A judge has rejected the city's request to dismiss a lawsuit brought by parents trying to speed up the effort to get polychlorinated biphenyls removed from schools.
As many as 800 city schools have been found to have PCBs in lights or insulation installed before 1979.
The New York City Department of Education gave itself 10 years to remove them from schools, but parents and public interest lawyers sought to expedite the removal, saying the long timeline endangers children.
Parents protested last year about the toxins.
"There have been leaks at our school we have found little droplets under chairs," said Daniella Liebling, whose son attends the Brooklyn New School.
City lawyers tried to have the lawsuit dismissed, but Judge Sterling Johnson said their claims were "illogical" and accused them of dragging their feet.
“With the cognitive development of children at stake, it would have been refreshing to see humanitarian concerns trump the compulsion to delay litigation with quite so many spurious arguments," Johnson wrote in his decision. "But some dreams remain deferred."
"Judge Sterling Johnson actually quotes Langston Hughes," said Christina Giorgio of New York Lawyers for the Public Interest. "He makes numerous references to the fact that parents really are entitled to have answers from the city, and that PCBs are toxic.

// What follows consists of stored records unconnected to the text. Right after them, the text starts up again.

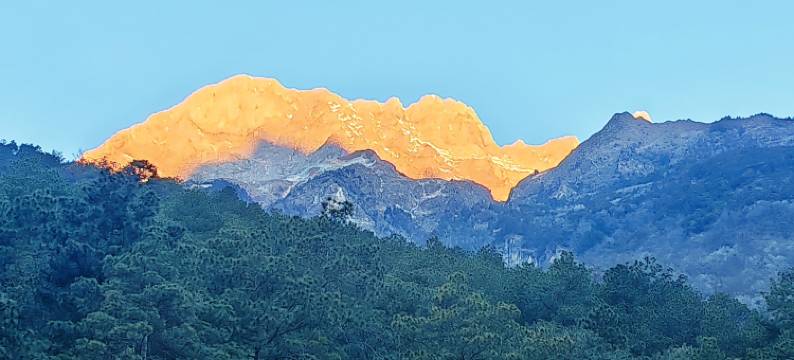 香格里拉栖岩·山景民宿(虎跳峡镇本地湾店)图片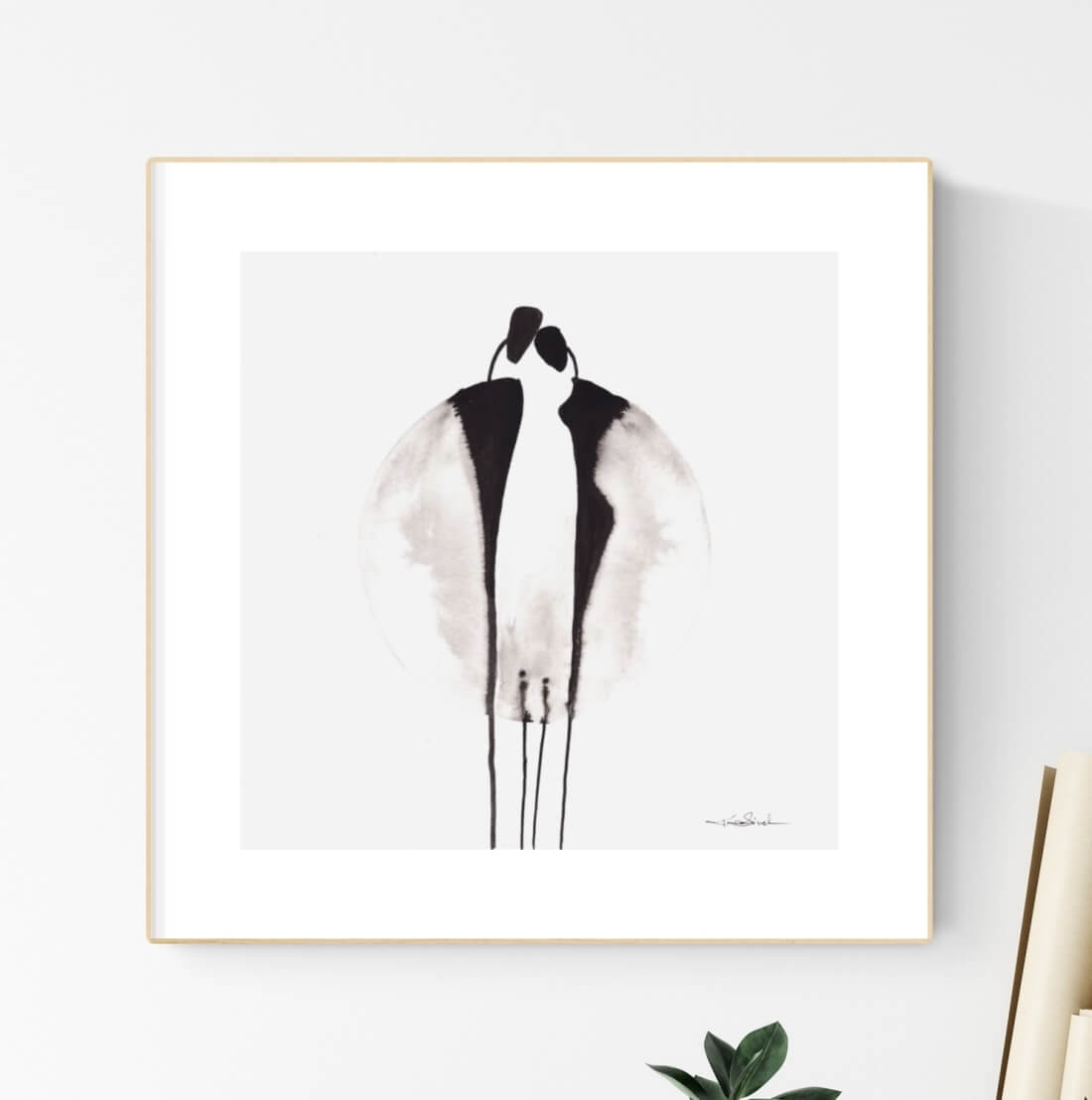elegancka-grafika-czarno-biala-recznie-malowana-do-szarego-salonu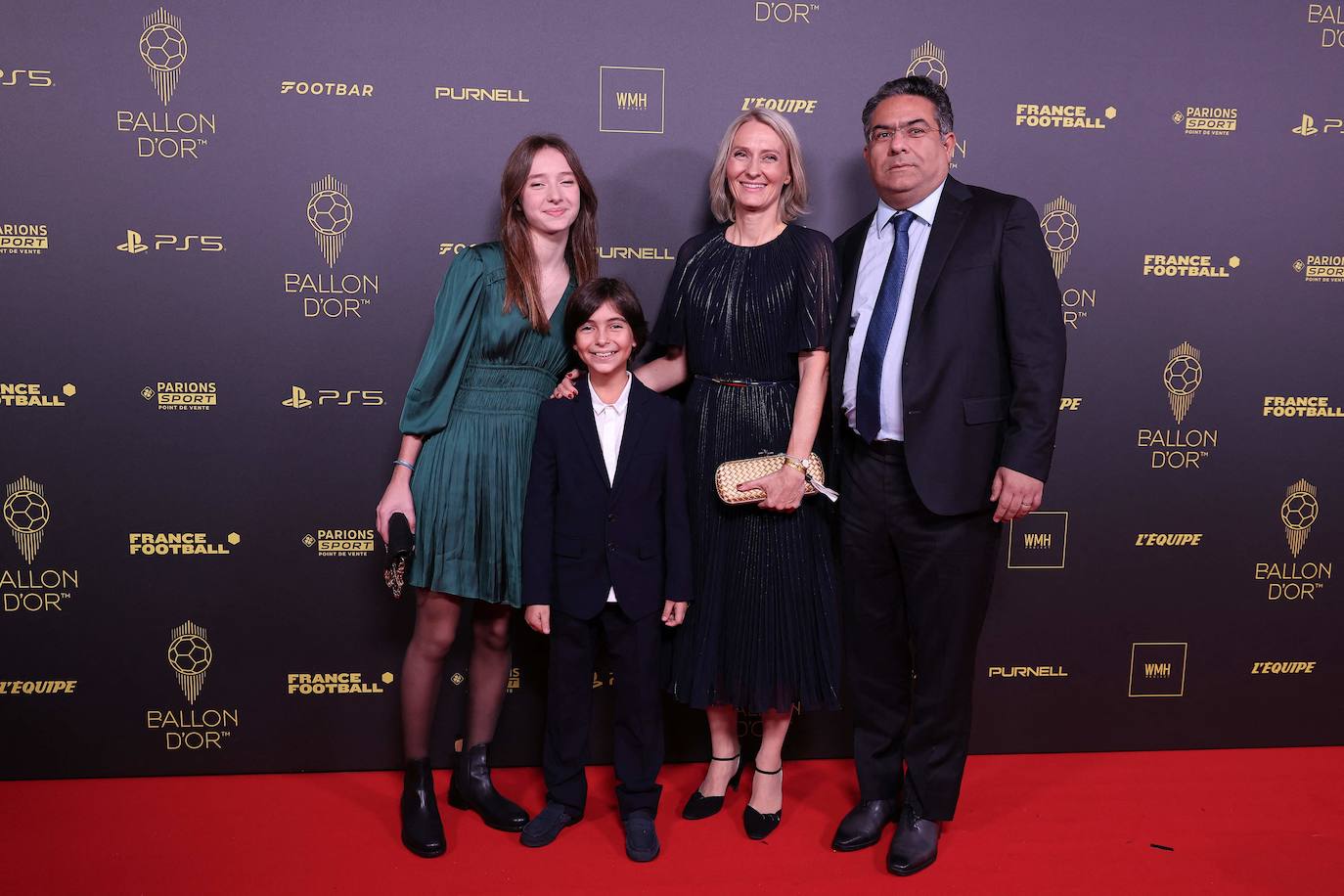 La presidenta de Amaury Media, Aurore Amaury, posa junto a su familia antes de la gala del Balón de Oro 2023.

Their impacts are well known, and what the city is doing with regard to insisting on this 10-year plan is simply irresponsible."

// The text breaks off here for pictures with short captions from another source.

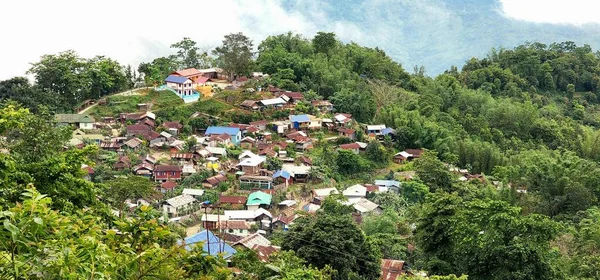 緑の山の中の小さな村 — ストック写真
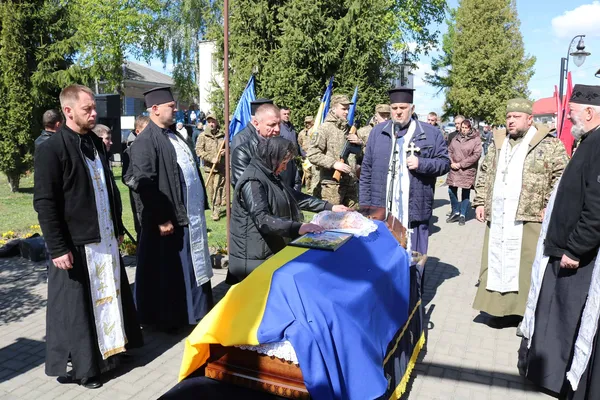 На Волині попрощалися із Героєм Василем Фаринюком (фото)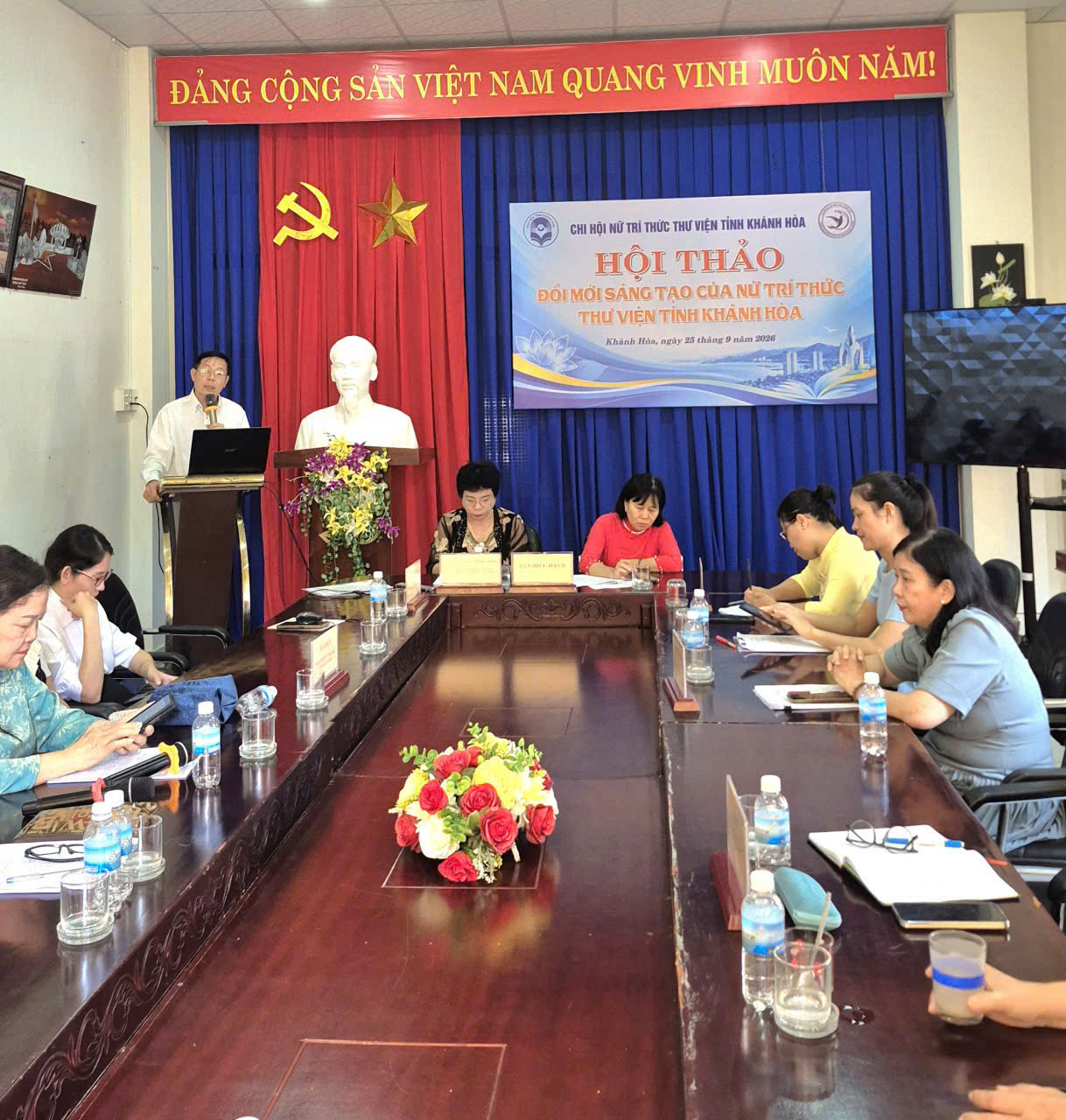 ông Đinh Xuân Hương, Giám đốc Thư viện tỉnh Khánh Hòa phát biểu.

In response, New York City Corporate Council said it disagreed with the ruling, stressing that nothing is more important than the health of the city's children.
The Department of Education said that fixtures have been fixed in 92 buildings, with work planned for another 97 buildings this summer.
PCBs were banned in 1979, and exposure can affect the immune and nervous systems.
Liebling says the city told her that her son's school is on the fast track for repairs within five years but is hoping more will be done even sooner.